Measures semantic similarity using contextualized embeddings:
analyzer = LinguisticAlignment(alignment_type="bert")
results = analyzer.analyze_folder(
folder_path="preprocessed_data/",
output_directory="results/",
model_name="bert-base-uncased", # or other BERT variants
lag=1
)Setup Required: See Hugging Face Token Setup section below.
Output: semantic_alignment_bert-base-uncased_lag1.csv
Measures semantic similarity using static word embeddings:
analyzer = LinguisticAlignment(alignment_type="fasttext")

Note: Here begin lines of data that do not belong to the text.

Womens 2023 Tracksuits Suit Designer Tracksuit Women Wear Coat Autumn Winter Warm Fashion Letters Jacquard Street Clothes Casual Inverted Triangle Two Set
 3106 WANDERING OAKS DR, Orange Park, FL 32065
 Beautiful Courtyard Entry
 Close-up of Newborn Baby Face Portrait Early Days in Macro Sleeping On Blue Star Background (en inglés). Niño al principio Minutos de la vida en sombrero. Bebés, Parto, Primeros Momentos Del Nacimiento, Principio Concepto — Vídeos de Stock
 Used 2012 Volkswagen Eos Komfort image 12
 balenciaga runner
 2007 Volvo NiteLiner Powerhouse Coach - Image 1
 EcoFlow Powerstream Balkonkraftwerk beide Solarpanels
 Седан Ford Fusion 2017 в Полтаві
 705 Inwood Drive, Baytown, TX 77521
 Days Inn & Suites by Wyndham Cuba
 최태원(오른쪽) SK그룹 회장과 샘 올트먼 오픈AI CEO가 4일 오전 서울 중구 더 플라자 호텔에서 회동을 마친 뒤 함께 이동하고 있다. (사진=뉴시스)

results = analyzer.analyze_folder(
folder_path="preprocessed_data/",
output_directory="results/",
model_name="fasttext-wiki-news-300",
high_sd_cutoff=3, # Filter high-frequency words
low_n_cutoff=2, # Filter rare words
save_vocab=True, # Save vocabulary lists
lag=1
)Output: semantic_alignment_fasttext-wiki-news-300_lag1_sd3_n2.csv
Measures word and phrase repetition (lexical) and grammatical structure reuse (syntactic):
analyzer = LinguisticAlignment(alignment_type="lexsyn")
# Using NLTK tags only
results = analyzer.analyze_folder(
folder_path="preprocessed_data/",
output_directory="results/",
max_ngram=3, # Analyze uni-, bi-, and trigrams
ignore_duplicates=True, # Remove lexical overlap from syntax
add_additional_tags=False, # Use only NLTK tags
lag=1
)
# Using additional tags (spaCy)
results = analyzer.analyze_folder(
folder_path="preprocessed_data/",
output_directory="results/",
max_ngram=3,
ignore_duplicates=True,
add_additional_tags=True, # Use additional tags
additional_tagger_type='spacy', # Specify which additional tagger
lag=1
)
# Using additional tags (Stanford)
results = analyzer.analyze_folder(
folder_path="preprocessed_data/",
output_directory="results/",
max_ngram=3,
ignore_duplicates=True,
add_additional_tags=True,
additional_tagger_type='stanford',
lag=1
)Output Filenames:
- With NLTK only:
lexsyn_alignment_ngram3_lag1_noDups_noAdd.csv - With spaCy:
lexsyn_alignment_ngram3_lag1_noDups_withSpacy.csv - With Stanford:
lexsyn_alignment_ngram3_lag1_noDups_withStan.csv
Key Parameters:
max_ngram: Maximum n-gram size (2=bigrams, 3=trigrams, etc.)ignore_duplicates: IfTrue, removes syntactic patterns that share lexical contentadd_additional_tags: Whether to use additional POS tags (default: False)additional_tagger_type: Which additional tagger to use:'spacy'or'stanford'
Run all analyses together:
analyzer = LinguisticAlignment(
alignment_types=["bert", "fasttext", "lexsyn"]
)
results = analyzer.analyze_folder(
folder_path="preprocessed_data/",
output_directory="results/",
lag=1,
# FastText-specific
high_sd_cutoff=3,
low_n_cutoff=2,
# Lexsyn-specific
max_ngram=3,
ignore_duplicates=True,
add_additional_tags=True,
additional_tagger_type='spacy'
)Output: Individual CSV files for each analysis type, plus merged_alignment_results_lag1.csv
The lag parameter controls which utterances are paired for alignment calculation:
lag=1(default): Each utterance paired with the immediately following onelag=2: Each utterance paired with the utterance 2 positions laterlag=3: Each utterance paired with the utterance 3 positions later
Example with lag=1:
Turn 1: "I love pizza" → paired with → Turn 2: "Me too"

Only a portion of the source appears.